Het Europese financiële systeem ligt in duigen, er komt een grondstoffencrisis aan, de olieproductie heeft zijn hoogtepunt bereikt, grootmachten die vroeger koloniën waren van Europa dreigen het nu te overvleugelen, we zullen binnenkort anderhalf keer zo veel mensen moeten voeden, en het vertrouwen van burgers en consumenten is op een dieptepunt beland. Overal heerst het gevoel dat de bakens moeten worden verzet, en de vraag is, hoe dan?

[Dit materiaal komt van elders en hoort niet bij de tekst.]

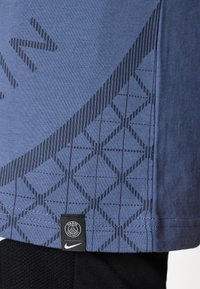 Blue athletic shirt with a textured finish, featuring geometric black patterns and a branded tag with Paris Saint-Germain and Nike logos.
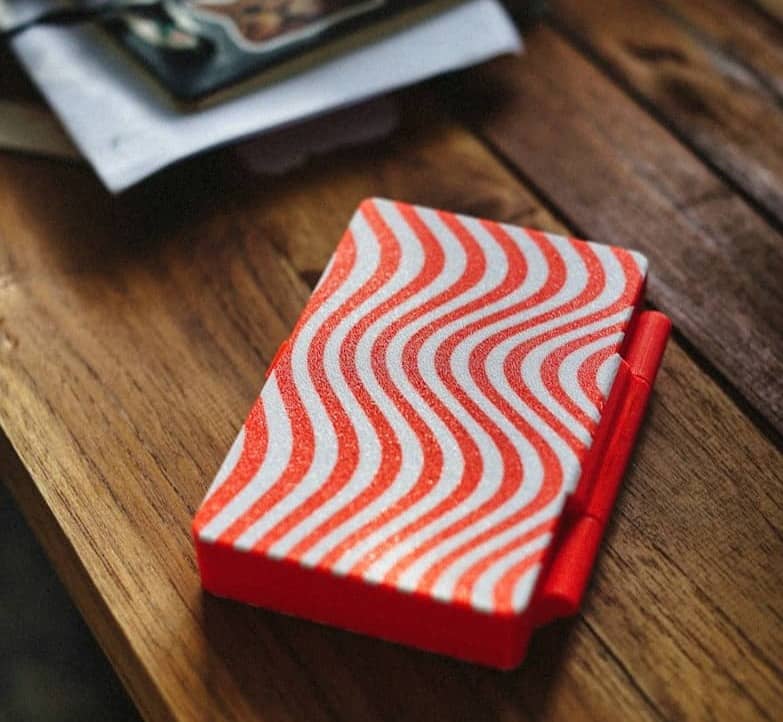 Red and white patterned notebook on a wooden table.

Het antwoord lijkt te moeten komen van de herinrichting van de economie naar maatstaven van duurzaamheid. Als we dat echt gaan doen dan betekent dat nogal wat voor onze economie en onze samenleving. Het betekent gebruik van alle afvalstoffen waar onze maatschappij tot nu toe zo slordig mee omging; het betekent een maakindustrie die uitgaat van hernieuwbare, meestal groene grondstoffen. En ondanks het gevoel van velen dat we in dit land niet veel doen en nog minder kunnen, staat het Europese bedrijfsleven klaar om met deze nieuwe aanpak te beginnen. Europese kennisinstellingen zijn ten volle bereid om voor die nieuwe aanpak de benodigde kennis te ontwikkelen en ter beschikking te stellen. Verhoudingsgewijs is Europa ook goed voor deze taak uitgerust. We noemen die aanpak de biobased economy. Wij zullen laten zien dat deze invloed zal hebben op veel aspecten van de samenleving, reden waarom wij uiteindelijk spreken van een biobased society.
Een definitie
Een biobased economy is een economie die zijn grondstoffen grotendeels betrekt uit de levende natuur (biomassa, ‘groene grondstoffen’), als onderdeel van een groene of duurzame economie. Een hoog ontwikkelde biobased economy gebruikt groene grondstoffen in de eerste plaats voor de productie van chemicaliën en materialen en daarnaast voor energie, zodanig dat concurrentie met de voedselvoorziening wordt geminimaliseerd. Nu wij nog in de beginfase van de biobased economy zitten is de verhouding tussen energie en materialen overigens nog omgekeerd: er gaat op dit moment veel meer biomassa naar energie. Op langere termijn zal steeds meer biomassa voor chemische doeleinden beschikbaar komen omdat het energieprobleem langs andere, duurzame weg wordt opgelost.
In een biobased economy worden veel landbouwproducten industrieel verwerkt tot materialen en energie. Dat is eigenlijk niets nieuws: de papier- en kartonindustrie doet dat al eeuwen; katoen en linnen zijn zo oud als de mensheid; de productie van geur- en smaakstoffen vindt grotendeels plaats op basis van landbouwproducten; sinds de 19e eeuw wordt aardappelmeel op grote schaal industrieel gebruikt. Waarom is de biobased economy dan een nieuwe kreet, vaak verbonden met zowel nieuwe economische activiteiten als met duurzaamheid?